Dalam 30 tahun terakhir, pertumbuhan Produk Domestik Bruto (PDB) di negara Asia Tenggara tertinggal jauh dibandingkan pertumbuhan di negara Tiongkok. Pertumbuhan PDB per orang di Asia Tenggara tumbuh sebesar 2,7 kali lipat, sedangkan di Tiongkok mencapai 9 kali lipat.

Ekonom Indonesia, Gita Wirjawan, mengungkap setidaknya ada empat (4) faktor yang menyebabkan hal tersebut. Keempat hal tersebut adalah pendidikan, infrastruktur, persaingan, dan korupsi.

Baca Juga: Pemanfaatan GenAI di Bisnis Berpotensi Tingkatkan PDB Indonesia 18% di 2030

"Pertama, pendidikan. Lewat skor PISA yang mengukur kapasitas kemampuan anak muda berusia 15 tahun dalam bidang bahasa dan teknologi/sains, Indonesia tertinggal jauh dari Tiongkok. Bahkan, cukup tertinggal dibandingkan dengan Singapura dan Vietnam," ujarnya dalam sebuah kesempatan, dikutip Kamis (24/10/2024).

Kepala Badan Koordinasi Penanaman Modal Indonesia periode tahun 2009-2012 ini merinci, skor PISA Indonesia berada di urutan ke-71 dunia. Sementara itu, Tiongkok menduduki posisi pertama dan Singapura di nomor kedua.
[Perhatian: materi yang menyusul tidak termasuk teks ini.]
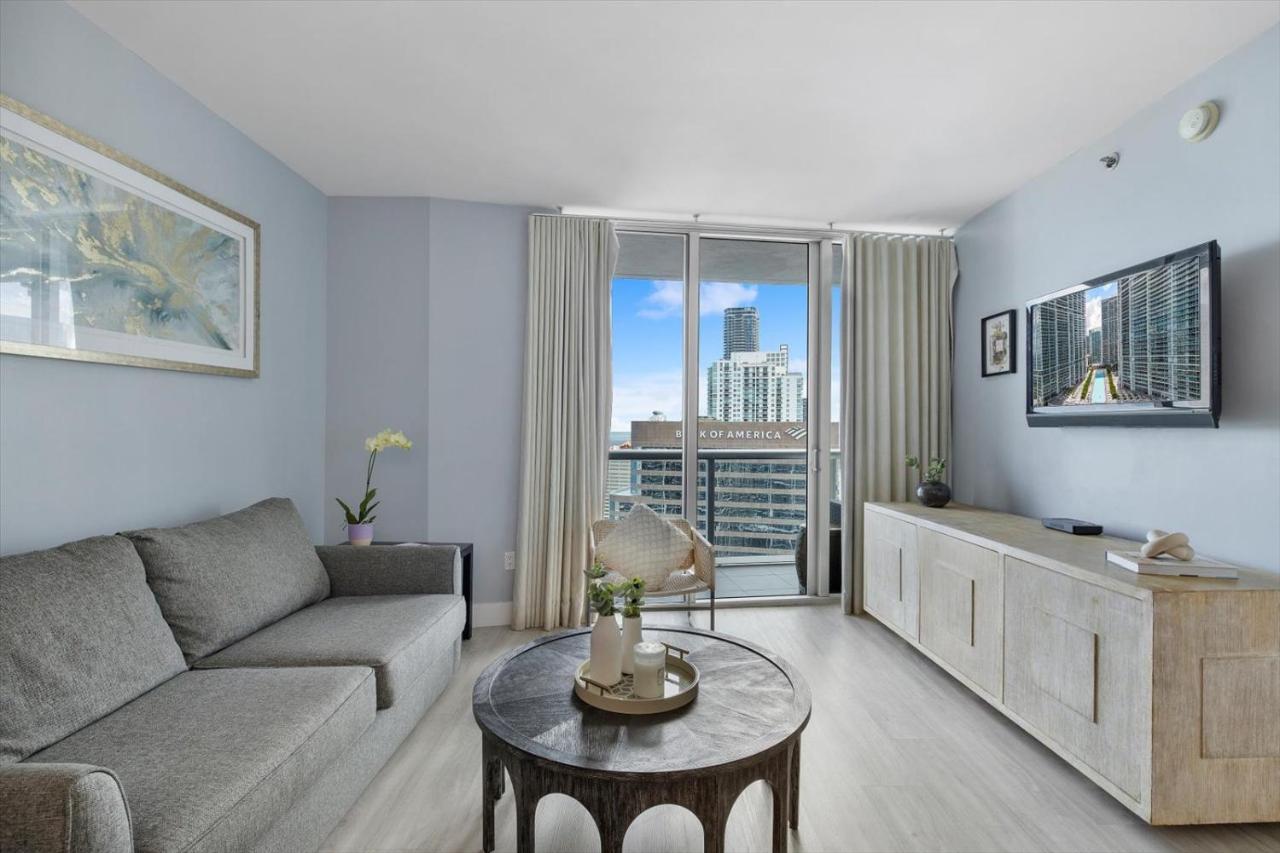 Special Offer At Icon Brickell With Ocean View Apartment *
"Dalam lingkup Asia Tenggara, nomor satu adalah Singapura dan nomor dua adalah Vietnam. Di antara negara tetangga, yang harus diwaspadai adalah Vietnam. Ambisi mereka luar biasa karena tidak hanya berambisi mengejar Singapura, tapi juga Tiongkok," ujar pria kelahiran 21 September 1965 ini.

Dengan skor PISA sebesar 382, Indonesia mempunyai pekerjaan rumah (PR) sangat besar untuk mengejar rata-rata skor PISA dunia yang berada di angka 420. Perjuangan tersebut lebih berat jika Indonesia ingin mengejar Vietnam yang memiliki skor PISA 505 atau Singapura di skor 555.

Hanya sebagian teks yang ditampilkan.